Web page caption snippets:
|---|

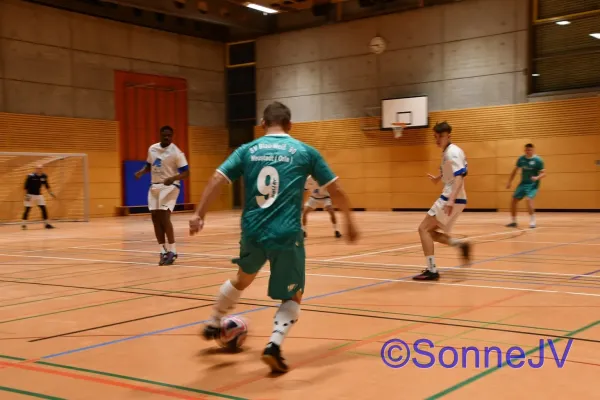 2025-12-27 - Vereinsturnier Teil 2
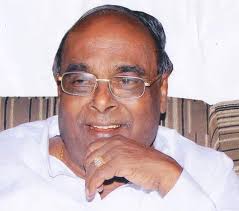 BJD has revoked the expulsion of senior leader of the party Damodar Rout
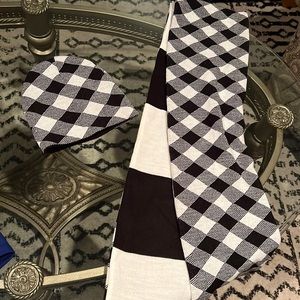 Scarf/Hat set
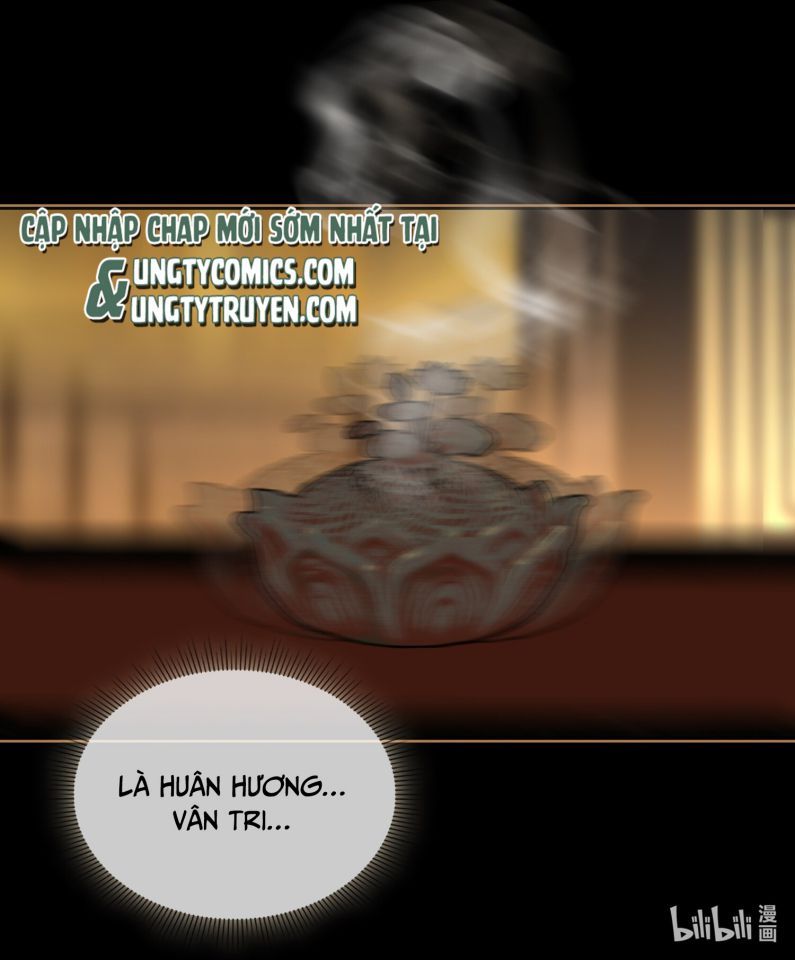 Tế Vũ Bất Tri Quy Chapter 68 - Trang 2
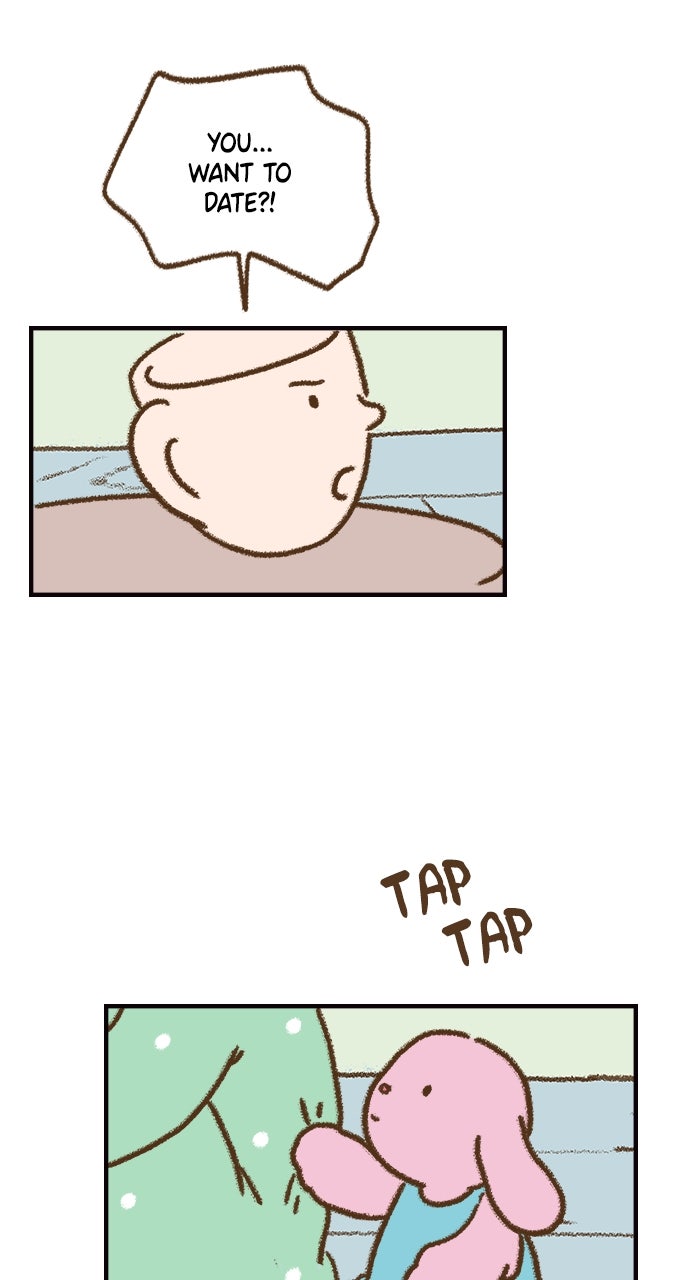 The Memory Shop Episode 70 page 22 - 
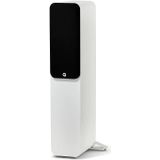 Q Acoustics: 5050 Vloerstaande Speakers - 2 Stuks - Wit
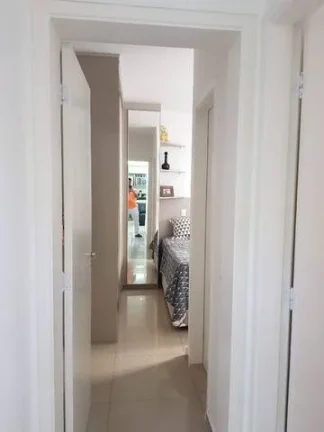 Imagem Apartamento Condomínio Marco Zero 65 m² 2 Dormitórios 1 Suíte e 1 Vaga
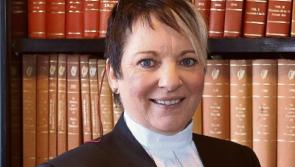 Limerick motorist tells judge he could not afford insurance
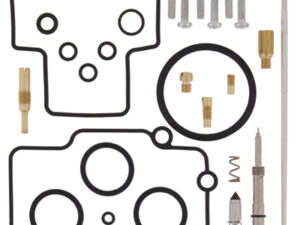 ProX Carburetor Rebuild Kit CRF450X '05-06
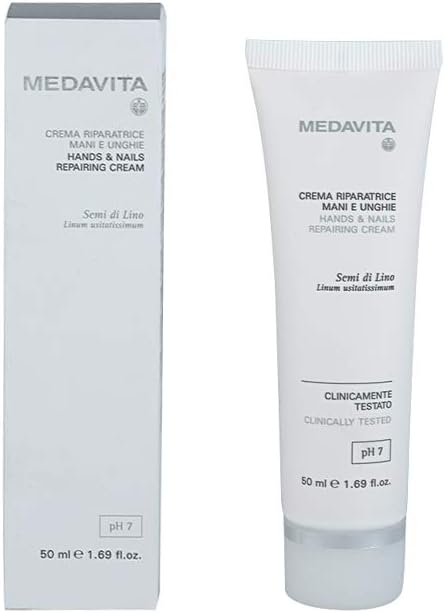 MedavitaFeuchtigkeitsspendende Hand-creme 50ml
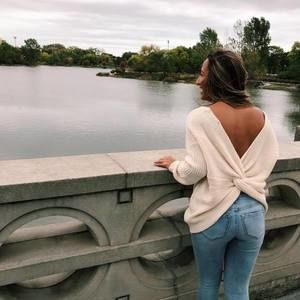 Meet your Posher, Ivelisse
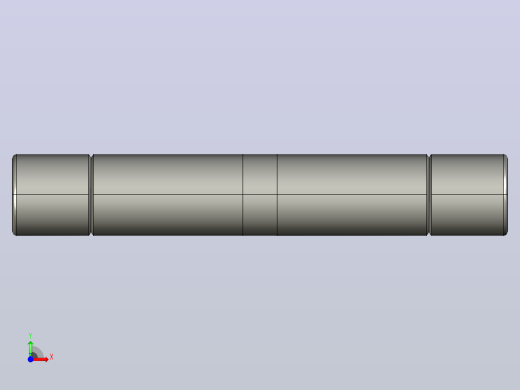 管接头螺纹63PLM-6M系列前视缩略图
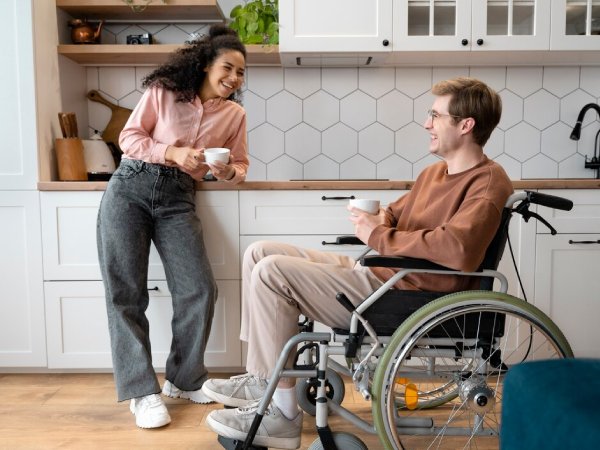 Assistance with Daily Tasks in Melbourne – True Loving Care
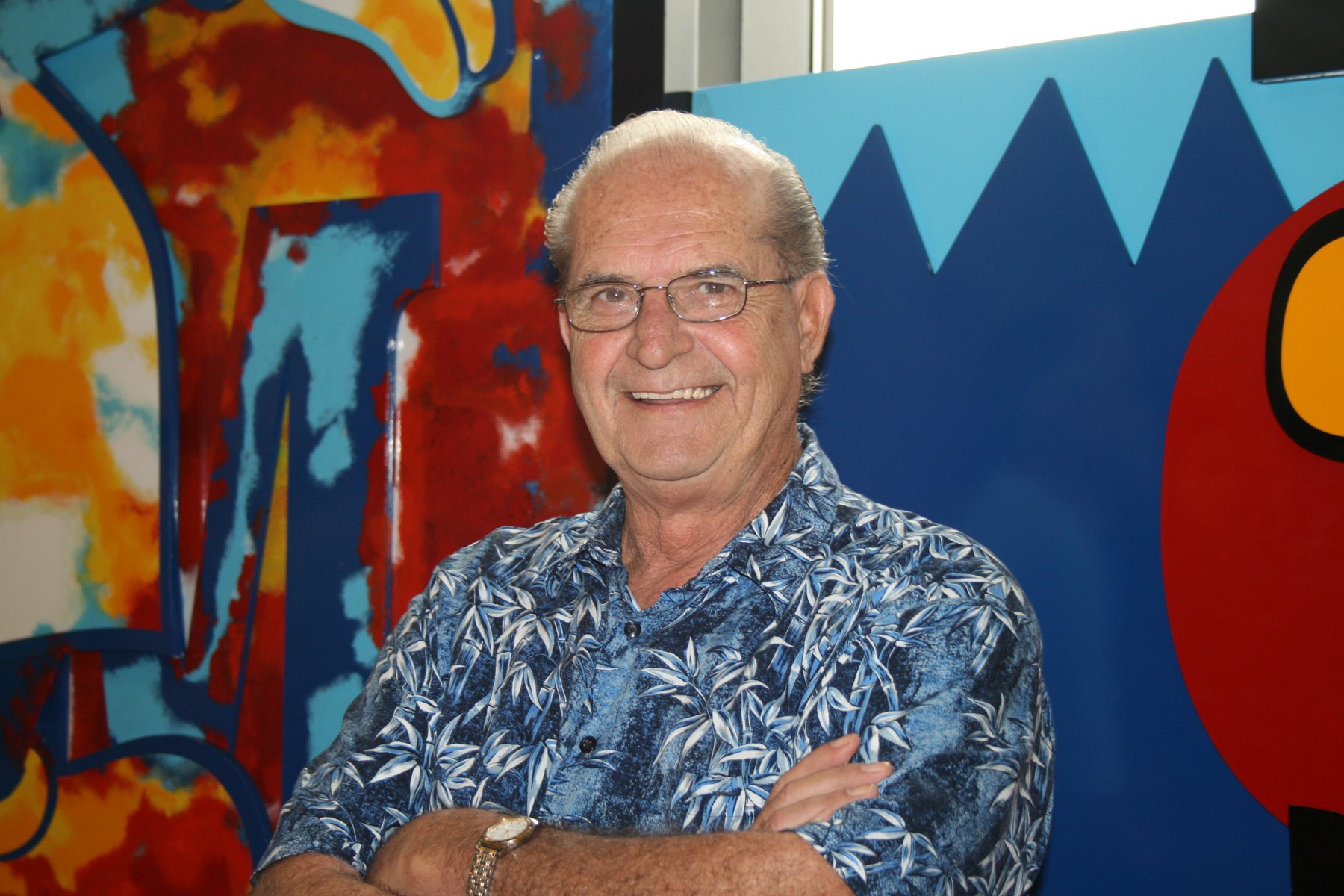 Obituario de William Eugene White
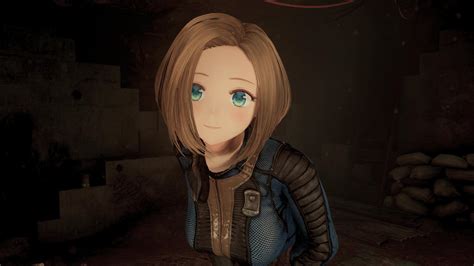 Here's a mod to make Fallout 4 characters look anime | PC Gamer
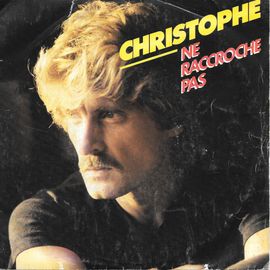 Ne Raccroche Pas / Méchamment Rock'n'roll [Vinyle 45 Tours 7"]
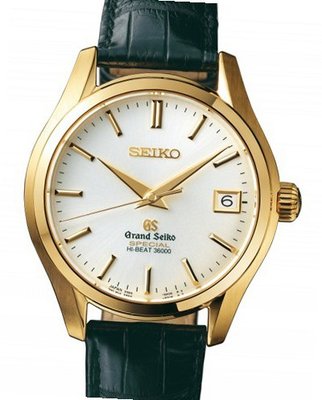 Seiko Grand Seiko Grand Seiko Special Edition Hi-Beat 36000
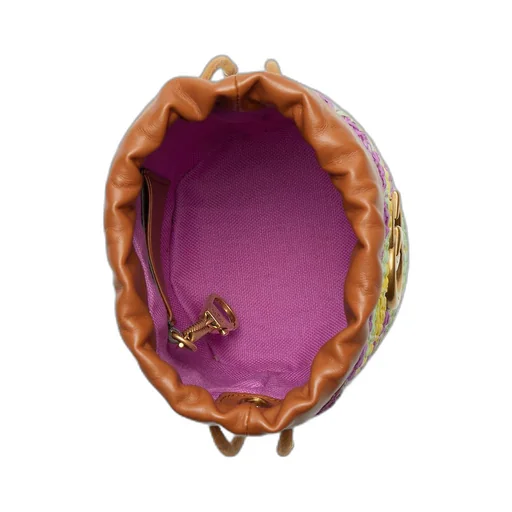 GG Marmont super mini bucket bag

|---|

Word for word, retype the lines from the one that contains "Here's a mod" through the final line of the data, both ends included, excluding pictures.

 Here's a mod to make Fallout 4 characters look anime | PC Gamer
 Ne Raccroche Pas / Méchamment Rock'n'roll [Vinyle 45 Tours 7"]
 Seiko Grand Seiko Grand Seiko Special Edition Hi-Beat 36000
 GG Marmont super mini bucket bag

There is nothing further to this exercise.